Apache Beam brings an easy-to-usen but powerful API and model for state-of-art stream and batch data processing with portability across a variety of languages. The Beam API and model has the following characteristics:

  • Simple constructs, powerful semantics: the whole beam API can be simply described by a Pipeline object, which captures all your data processing steps from input to output. Beam SDK supports over 20 data IOs, and data transformations from simple Map to complex Combines and Joins.

  • Strong consistency via event-time: Beam provides advanced event-time support so you can perform windowing and aggregations based on when the events happen, instead of when they arrive. The event-time mechanism improves the accuracy of processing results, and guarantees repeatability in results when reprocessing the same data set.

  • Comprehensive stream processing semantics: Beam supports an up-to-date stream processing model, including tumbling/sliding/session windows, joins and aggregations. It provides triggers based on conditions of early and late firings, and late arrival handling with accumulation mode and allowed lateness.

  • Portability with multiple programming languages: Beam supports a consistent API in multiple languages, including Java, Python and Go. This allows you to leverage the rich ecosystem built for different languages, e.g. ML libs for Python.

Basic Concepts

Let’s walk through the WordCount example to illustrate the Beam basic concepts. A Beam program often starts by creating a Pipeline object in your main() function.

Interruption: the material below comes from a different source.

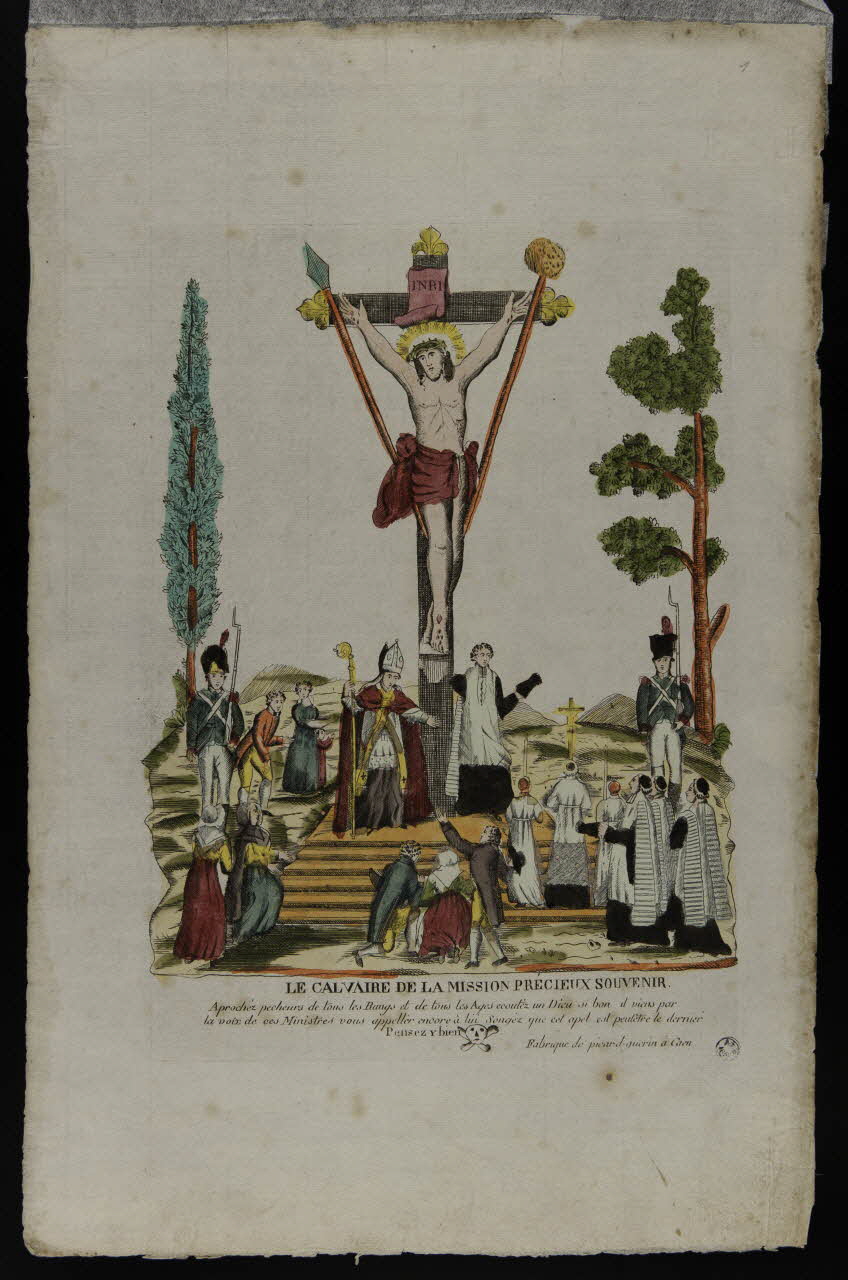 estampe LE CALVAIRE DE LA MISSION PRECIEUX SOUVENIR Normandie, France 1809-1831 1950.21.1 Photo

// Start by defining the options for the pipeline.
PipelineOptions options = PipelineOptionsFactory.create();

// Then create the pipeline.
Pipeline p = Pipeline.create(options);

The PipelineOptions supported by SamzaRunner is documented in detail here.

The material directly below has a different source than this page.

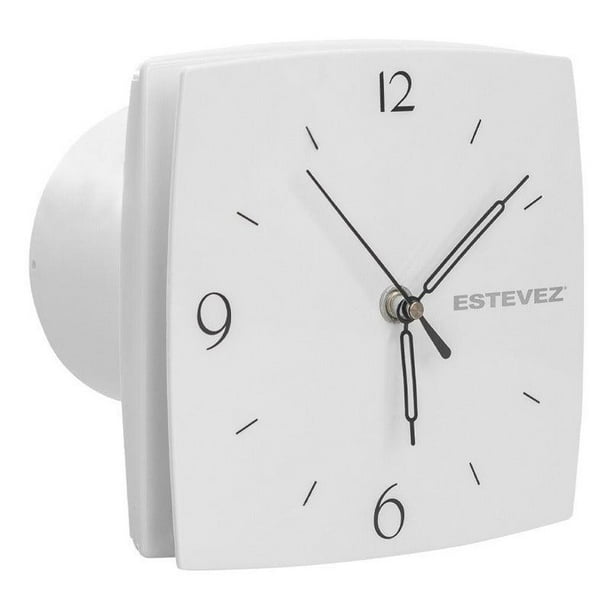Estevez Extractor de Aire Con Reloj 4 Pulgadas, Baño / Cocina, Instalación en Pared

Let’s apply the first data transform to read from a text file using TextIO.read():

PCollection<String> lines = p.apply(
  "ReadLines", TextIO.read().from("/path/to/inputData"));

To break down each line into words, you can use a FlatMap:

PCollection<String> words = lines.apply(
    FlatMapElements.into(TypeDescriptors.strings())
        .via((String word) -> Arrays.asList(word.split("\\W+"))));

Beam provides a build-in transform Count.perElement to count the number of elements based on each value. Let’s use it here to count the words:

PCollection<KV<String, Long>> counts = pipeline.apply(Count.perElement());

Finally we format the counts into strings and write to a file using TextIO.write():

counts.apply(ToString.kvs())
      .apply(TextIO.write().to("/path/to/output").withoutSharding());

To run your pipeline and wait for the results, just do:

pipeline.run().waitUntilFinish();

Or you can run your pipeline asynchronously, e.g. when you submit it to a remote cluster:

pipeline.run();

To run this Beam program with Samza, you can simply provide “–runner=SamzaRunner” as a program argument. You can follow our quick start to set up your project and run different examples. For more details on writing the Beam program, please refer the Beam programming guide.

Apache Beam - A Samza’s Perspective

The goal of Samza is to provide large-scale streaming processing capabilities with first-class state support. This does not contradict with Beam. In fact, while Samza lays out a solid foundation for large-scale stateful stream processing, Beam adds the cutting-edge stream processing API and model on top of it. The Beam API and model allows further optimization in the Samza platform, including multi-stage distributed computation and parallel processing on the per-key basis. The performance enhancements from these optimizations will benefit both Samza and its users. Samza can also further improve Beam model by providing various use cases. We firmly believe Samza will benefit from collaborating with Beam.